Wow. I didn’t know liquor stores were redlining these days! I entered our local liquor store searching for a bottle of Pinot Grigio. This is an awesome liquor store, so huge that you need running shoes to get through it. It’s right next to Chucky Cheese. I guess you drop the kiddos off to bang on the heads of moles while the adults stroll wide eyed and drooling through the aisles of incredibly unusual micro brews, unending rows of wines distinguished by type, country or vineyard, limited distillations worth hundreds of dollars locked behind display cases and every alcoholic condiment known to man. Then there is the wine tasting area next to the humidors brimming with fine cigars.
I had a specific brand in mind so I went to the white wines section, searching back and forth without success. I finally broke down and asked for directions. The store employee walked me over to the white section but I could not find that particular brand. I did notice that all the wines were a bit above the price point I was expecting. Maybe even more than a bit. When he asked me what brand it was I realized that my bottle was not exactly the grade that was laying in these wonderful wooden racks for $20-$30 per bottle. He must have noticed that I blushed when I described the bottle as having a footprint on the label. “Oh,” he drawled as his interest waned. “the stand up bottes are in the back.”

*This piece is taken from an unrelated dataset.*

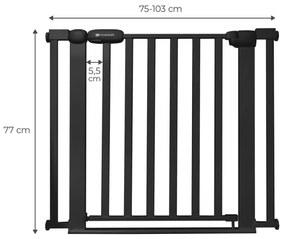KINDERKRAFT - Biztonsági korlát LOCK&amp;GO 75-103 cm fekete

I made my way to the back of the store, back to where the picnic wines are hidden. I found my brand right away and asked that it be packaged in a brown paper wrapper so I didn’t offend the other styles of Pinot- the ones that did not have labels with footprints on them. But this one is perfect for me. I’ll kick off my shoes so I am barefoot too. I’ll throw an ice cube in a wine glass (yes, I do that). Then I’ll drink my little bottle of cheap wine sometime over the holidays and it will be every bit as good to me as a $30 Jerman. As an added bonus I won’t have to worry if it has herbaceous notes and nutty undertones. At least not until we begin to bottle our own after our grapes have matured a bit.